An example of the direct comparison between the curves of the vertical TKE shares \(A_z\) calculated by the original formulations and using the local constants [as in Fig. 5, Eq. (3)] or keeping the original Z2013 constants but introducing the residual terms in the budget equations [see Eq. (24)], together with the original EFB function, is reported in Fig. 8 of the Online Resource document. By summarizing, forcing the steady homogeneous version of the model to the actual data leads to changes in the constants, that compensate neglecting of the residuals. This hold essentially for the velocity shares, not for the vertical momentum flux. In other words, the steady homogeneous version of the model is suitable to cope with different data sets, at the price of its universality.

6 Conclusions

The Energy- and Flux-Budget turbulence closure models, formulated by Zilitinkevich and coauthors in the seminal paper dated 2013, constitute a hierarchy of models applicable to stably-stratified geophysical flows. An extension of the EFB model to convective condition is under development (online documentation can be found in https://arxiv.org/abs/2112.14121v1). In steady state and homogeneous conditions this closure gives, among others, relationships describing the turbulent kinetic energy shares and the normalized vertical momentum flux as function of stability, expressed either by Richardson numbers or Obukhov length. These relationships derive from the budget equations for the variance of the velocity components and the vertical momentum flux. In the present work, by adding to each budget equation a residual term which accounts for unsteadiness and heterogeneity, new relationships have been derived, which cope with the effects of transfer and redistribution of the turbulent kinetic energy and momentum flux.

The analysis has been based on observational datasets collected in four suburban and urban sites in Italy. First, the original functions describing the TKE shares as formulated in the EFB model have been used, estimating their empirical constants from the observed data.

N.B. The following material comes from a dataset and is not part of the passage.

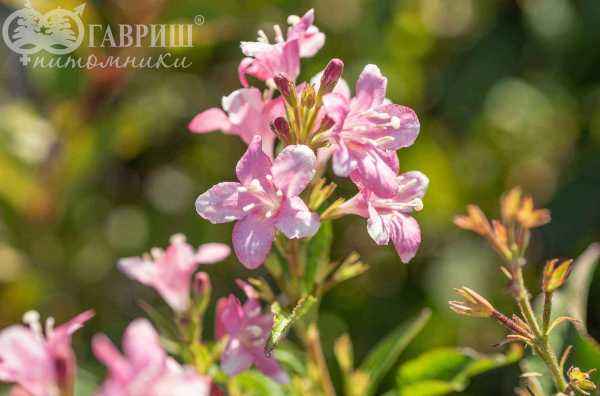 саженцы Вейгела цветущая Pink Princess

This approach allowed assessing the deviation between the original EFB model formulations and the shape they assume when following the observations. The agreement turns out to be fair, especially as far the vertical share is concerned, and highlights the flexibility of the EFB model, if we give up the universality. However large qualitative and quantitative discrepancies are observed for instance for the normalized momentum flux.

After this initial analysis, the relationships derived from the budget equations including residual terms have been applied. In this case, the original constants of the EFB model have been kept. The discrepancies deriving from the actual asymptotic values of the shares (different from site to site, and different from the original ones used to estimate the EFB constants) have been interpreted as due to the presence of non-zero residuals, which are thus computed (with a certain degree of arbitrariness) from the data. The agreement between the theoretical formulation and the observed behaviour for the turbulent kinetic energy shares and for the vertical momentum flux improves after the correction by the residuals. In particular, the normalized momentum flux dependence from the vertical share catches the characteristic concavity of the curve as seen from the observed data, which is missed using the original equations.

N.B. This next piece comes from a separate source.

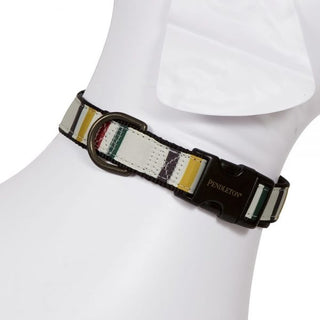 Pet Collars - Glacier by Pendleton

The analysis highlights the importance of accounting for the transfer among the different turbulent kinetic energy components when dealing with heterogeneity. This aspect was already considered by Wyngaard and Coté (1971) in the homogeneous conditions of the well-known Kansas experimental campaign. They observed that in the homogeneous case, the transport (in the present terms, the residual) was of minor importance in the turbulent kinetic energy budget.

The main lesson we got from the present analysis is that understanding the behaviour of the turbulent stable boundary layer requires to go beyond simple and well established schemes, a fundamental legacy of Prof. Sergej S. Zilitinkevich.